POTERI

Costituzioni e paranoie

Astenersi fa bene? Perché non diamo una ritoccatina alla Costituzione, già che ci siamo?

L’astensionismo è cosa buona, ci avvicina ai paesi anglosassoni, riduce il voto di scambio a favore di quello informato e convinto (sic! come se a votare non ci andassero tenaci tutti i clientes dell’intero arco partitico…) e «beh, se andasse a votare solo il 10% bisognerebbe porsi delle domande», parola di D’Alimonte sondaggista e opinionista caro equamente a «Repubblica» e al «Corsera». Se non si allarma lui, figuriamoci noi. E non si allarma neppure il think tank della banca JP Morgan, pilastro del club Bilderberg (vagamente inquietante, anche se non siamo paranoici).

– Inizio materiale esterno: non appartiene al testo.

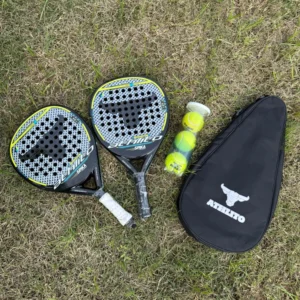 Pair of 12k Carbon Padel Racket With a Bag and 3 Padel Racket Balls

Infatti, esaminando la situazione di Eurolandia e in particolare della sua area meridionale più sfigata, un gruppo di analisti di tale banca – David Mackie, Malcom Barr, Marco Protopapa, Alex White, Greg Fuzesi e Raphael Brun-Aguerre – hanno dato il seguente giudizio sulle costituzioni dei paesi periferici e sul loro ruolo:

«Nei primi momenti della crisi si è pensato che i problemi nazionali ereditati dal passato fossero in gran parte economici: debiti eccessivi di stato, aziende e famiglie, disallineamenti dei cambi reali interni, rigidità strutturali. Ma, nel tempo, è diventato chiaro che ci sono anche problemi politici ereditati dal passato. Le costituzioni e le strutture politiche della periferia meridionale, messa in piedi dopo la caduta del fascismo hanno numerosi aspetti che sembrano essere inadeguati all’ulteriore integrazione dell’area […] Nei paesi periferici le costituzioni tendono a mostrare una forte influenza socialista, che riflette la forza politica goduta dai partiti di sinistra dopo la sconfitta del fascismo. I sistemi politici della periferia tipicamente mostrano diversi dei seguenti aspetti: deboli esecutivi, deboli stati centrali rispetto alle regioni, protezione costituzionale dei diritti del lavoro, sistemi di costruzione del consensi che alimentano il clientelismo politico, e il diritto a protestare se sono realizzati cambiamenti politici allo status quo non apprezzati. I paesi alla periferia sono stati solo parzialmente capaci di realizzare riforme economiche e fiscali, con i governi vincolati dalle costituzioni (Portogallo), da potenti regioni (Spagna), e dall’emergere di partiti populisti (Italia e Grecia)».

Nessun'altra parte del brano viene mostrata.